The wind whipped her hair, but she made no move to push it away from her face. I realized she was trembling, even though it wasn't cold.

· "If you had the chance to change something, just one thing..." Her voice was a whisper.

· "I don't think I can answer that."

· "Of course you can. But you don't want to."

Nasli had always been like that. She never let me hide behind silence. She never allowed me to shelter behind half-answers.

I rubbed my face with one hand, feeling the weight of her question.

The vision of Nasli before her accident. Before her life changed forever, and mine too. I remembered how her eyes shone with a determination I never knew where it came from. The world seemed at her feet, and in her eyes there wasn't a hint of doubt. I knew it would change the course of our lives, but not in the way we imagined.

Was it my fault? I couldn't stop asking myself. So much time had passed, and I still felt that pressure in my chest, that burden I couldn't let go. Maybe if we hadn't gone that morning, maybe if we hadn't made that decision, maybe if...

· "I..." I said, unable to look at her. "I would have stopped you from going to the war."

Nasli didn't react immediately. Her breathing became deeper, as if she were testing those words inside before deciding what to do with them.

· "Would you have done that for me?" she whispered.

· "Always."

She let out a brief, broken laugh.

· "How foolish..." she said, and her voice sounded like a distant echo. "If you had done that, then you wouldn't be you. And if you weren't you... then I wouldn't have loved you the way I did."

The air between us became heavy, as if all the unspoken words were piling up over our heads.

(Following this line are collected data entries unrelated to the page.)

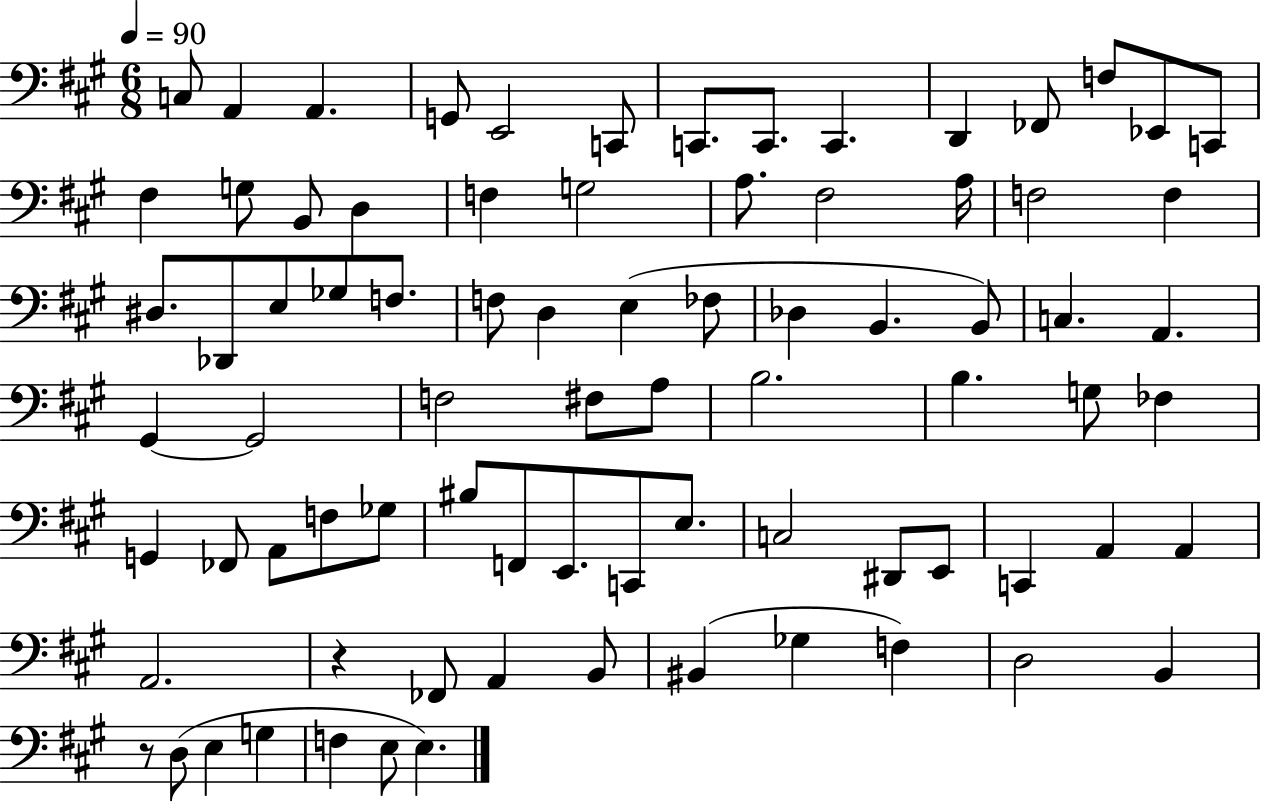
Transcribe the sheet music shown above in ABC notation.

X:1
T:Untitled
M:6/8
L:1/4
K:A
C,/2 A,, A,, G,,/2 E,,2 C,,/2 C,,/2 C,,/2 C,, D,, _F,,/2 F,/2 _E,,/2 C,,/2 ^F, G,/2 B,,/2 D, F, G,2 A,/2 ^F,2 A,/4 F,2 F, ^D,/2 _D,,/2 E,/2 _G,/2 F,/2 F,/2 D, E, _F,/2 _D, B,, B,,/2 C, A,, ^G,, ^G,,2 F,2 ^F,/2 A,/2 B,2 B, G,/2 _F, G,, _F,,/2 A,,/2 F,/2 _G,/2 ^B,/2 F,,/2 E,,/2 C,,/2 E,/2 C,2 ^D,,/2 E,,/2 C,, A,, A,, A,,2 z _F,,/2 A,, B,,/2 ^B,, _G, F, D,2 B,, z/2 D,/2 E, G, F, E,/2 E, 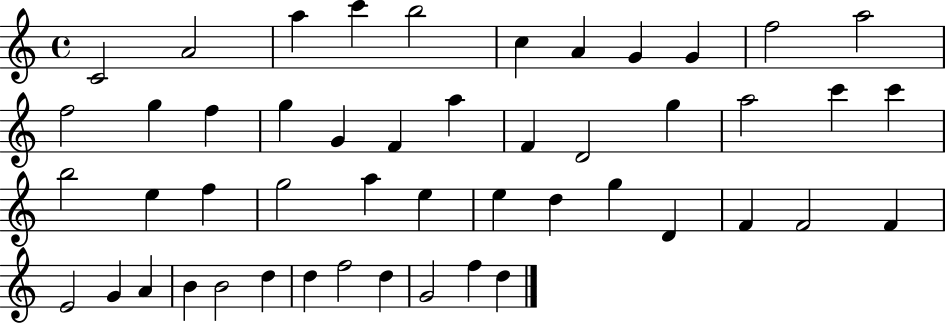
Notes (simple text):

C4/h A4/h A5/q C6/q B5/h C5/q A4/q G4/q G4/q F5/h A5/h F5/h G5/q F5/q G5/q G4/q F4/q A5/q F4/q D4/h G5/q A5/h C6/q C6/q B5/h E5/q F5/q G5/h A5/q E5/q E5/q D5/q G5/q D4/q F4/q F4/h F4/q E4/h G4/q A4/q B4/q B4/h D5/q D5/q F5/h D5/q G4/h F5/q D5/q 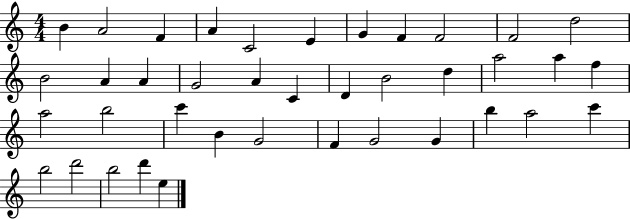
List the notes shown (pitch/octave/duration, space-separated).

B4/q A4/h F4/q A4/q C4/h E4/q G4/q F4/q F4/h F4/h D5/h B4/h A4/q A4/q G4/h A4/q C4/q D4/q B4/h D5/q A5/h A5/q F5/q A5/h B5/h C6/q B4/q G4/h F4/q G4/h G4/q B5/q A5/h C6/q B5/h D6/h B5/h D6/q E5/q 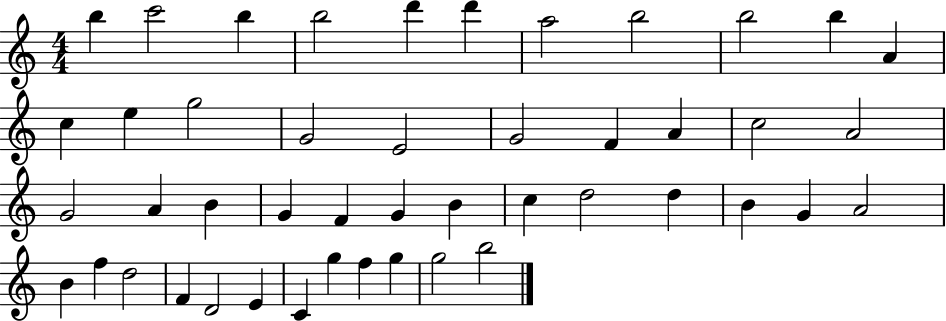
B5/q C6/h B5/q B5/h D6/q D6/q A5/h B5/h B5/h B5/q A4/q C5/q E5/q G5/h G4/h E4/h G4/h F4/q A4/q C5/h A4/h G4/h A4/q B4/q G4/q F4/q G4/q B4/q C5/q D5/h D5/q B4/q G4/q A4/h B4/q F5/q D5/h F4/q D4/h E4/q C4/q G5/q F5/q G5/q G5/h B5/h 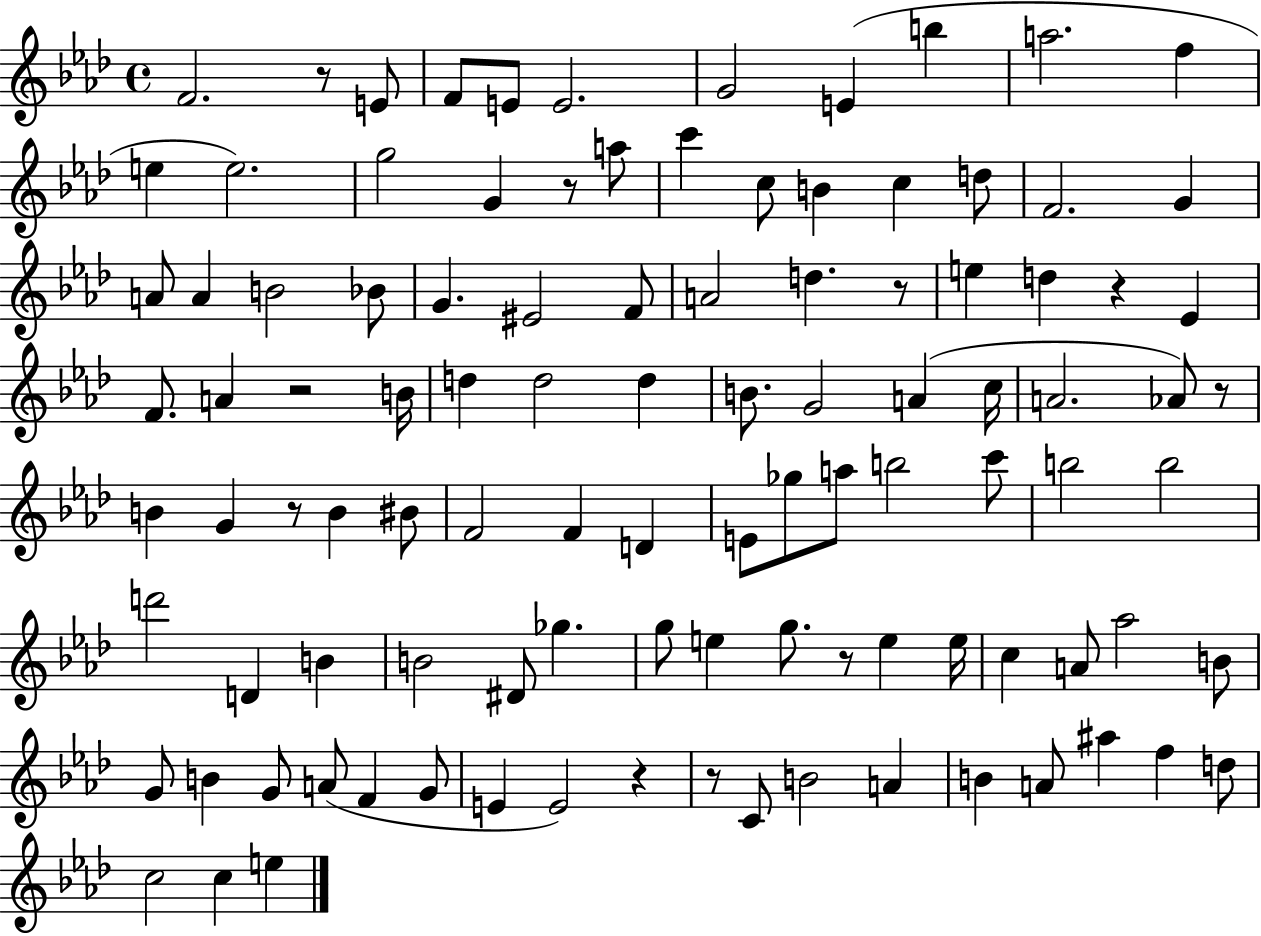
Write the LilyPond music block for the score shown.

{
  \clef treble
  \time 4/4
  \defaultTimeSignature
  \key aes \major
  \repeat volta 2 { f'2. r8 e'8 | f'8 e'8 e'2. | g'2 e'4( b''4 | a''2. f''4 | \break e''4 e''2.) | g''2 g'4 r8 a''8 | c'''4 c''8 b'4 c''4 d''8 | f'2. g'4 | \break a'8 a'4 b'2 bes'8 | g'4. eis'2 f'8 | a'2 d''4. r8 | e''4 d''4 r4 ees'4 | \break f'8. a'4 r2 b'16 | d''4 d''2 d''4 | b'8. g'2 a'4( c''16 | a'2. aes'8) r8 | \break b'4 g'4 r8 b'4 bis'8 | f'2 f'4 d'4 | e'8 ges''8 a''8 b''2 c'''8 | b''2 b''2 | \break d'''2 d'4 b'4 | b'2 dis'8 ges''4. | g''8 e''4 g''8. r8 e''4 e''16 | c''4 a'8 aes''2 b'8 | \break g'8 b'4 g'8 a'8( f'4 g'8 | e'4 e'2) r4 | r8 c'8 b'2 a'4 | b'4 a'8 ais''4 f''4 d''8 | \break c''2 c''4 e''4 | } \bar "|."
}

· "I don't want you to love me like that," I admitted, clenching my fists. "Not if it meant losing you."

Nasli closed her eyes.

· "You never lost anything, you know?" Her voice was serene, but held no comfort. "I was the one who got lost in all this. I was the one who stayed in a place I no longer belonged."

· "Don't say that."

· "Why not? It's the truth."

The horizon began to tint a darker blue. The sun was hiding, and night fell with the same inevitability with which she was pulling away from me, even being so close.

· "If you could go back," I whispered. "If I gave you that chance... would you have chosen a different path?"

Nasli turned her face to me. Her eyes were two infinite wells, reflecting something greater than sadness.

· "No," she replied. "Because every step led me to you."

I felt a knot in my throat.

· "Nasli..."

· "Don't say anything else." Her trembling hand sought mine, and I held it tightly, as if that could anchor her to this moment, to this reality where I could still touch her. "Don't change anything."

She gave me the last kiss on the lips, a soft kiss, full of farewell, as if she wanted me to remember it that way: slow, tender, but final. Her face, close to mine, reflected a mix of sadness and understanding, as if words could no longer say what we both knew, but didn't dare to face.

· "I'm going to miss you," she said, her voice broken, as if it were hard to breathe. The shadows enveloped us,but the memory of her laugh, of her warmth, of her life, remained suspended between us, immortal in that icy breeze.

· "I'm sorry..." she whispered.

The wind carried Bruhil's last exhalation.